Businesses are increasingly relying on independent contractors to provide needed services. While using independent contractors can provide a business with significant benefits, if a worker is improperly classified as an independent contractor rather than an employee, the business can be exposed to significant liability. The IRS is in the midst of a three-year program to audit businesses, directed in part towards examining the classification of workers as independent contractors. The President’s proposed 2011 budget also sought increased funding for enforcement, including specifically for employee misclassification.
Businesses often prefer to use independent contractors for a variety of reasons, including not being responsible for paying payroll taxes, unemployment insurance, and worker’s compensation insurance. However, if the IRS finds that a worker was wrongly classified as an independent contractor but was actually an employee, the business can face liability for back taxes and penalties. In addition to an IRS audit, a company’s workers (including disgruntled former workers) can contact the IRS about an alleged misclassification.
Consequently, businesses need to take care to properly classify workers and to maintain proper documentation. The IRS looks at a variety of factors in determining whether a worker is an employee.
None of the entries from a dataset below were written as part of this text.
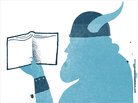 Illustration: A Viking reads a book. Illustration: A Viking reads a book.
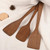 Long Handle Unpainted Chicken Wings Wooden Spatula Kitchen Utensils, Style:Square Curved Spade
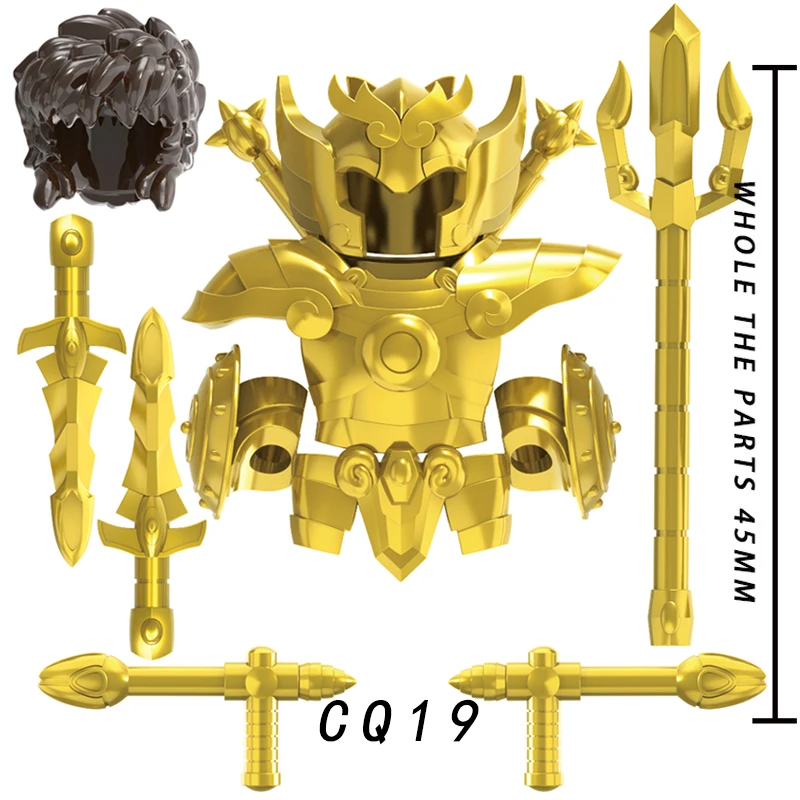 Briques de construction Golden Douze Saints Armor pour enfants, Anime Rick Mini, figurine d'action, accessoires Moc, jouets pour enfants, CQ17, CQ22, CQ11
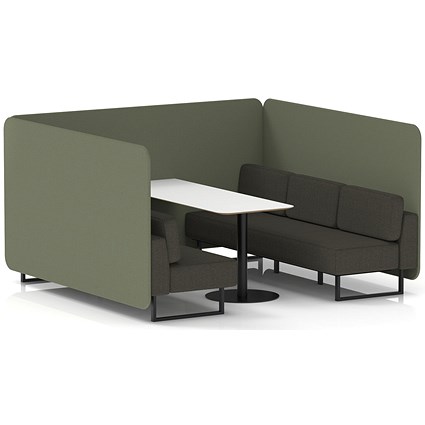 Brixworth 6 Seater Bench Booth With Table, Black Legs, White Table With Black Leg, Main Line Flax Fabric, Monument Panels And Temple Sofa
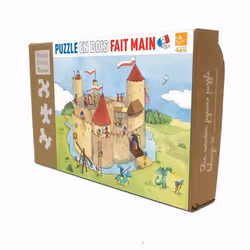 Puzzle en bois Michèle Wilson - Panique au château fort - Scène de vie - Enfant - 24 pièces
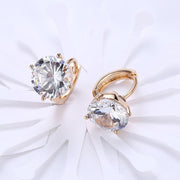 Austrian Crystal Huggies Set in 18K White Gold - ALILY 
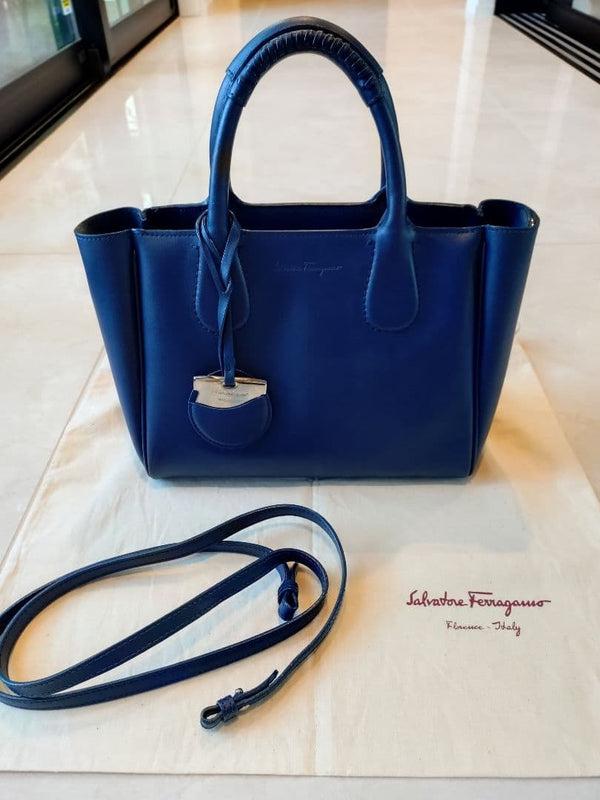 Ferragamo Norita Handbag Shoulder Bag Blue Leather 9.8x7.9x4.3in Strap 45.3in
These factors fall into three categories: behavioral control, financial control, and the relationship of the parties. While not dispositive, every business should have a written independent contractor agreement with each independent contractor that it hires. For assistance with determining whether a worker is an employee or independent contractor, businesses should seek counsel. In some circumstances, it may be advisable to obtain a determination from the IRS by filing Form SS-8.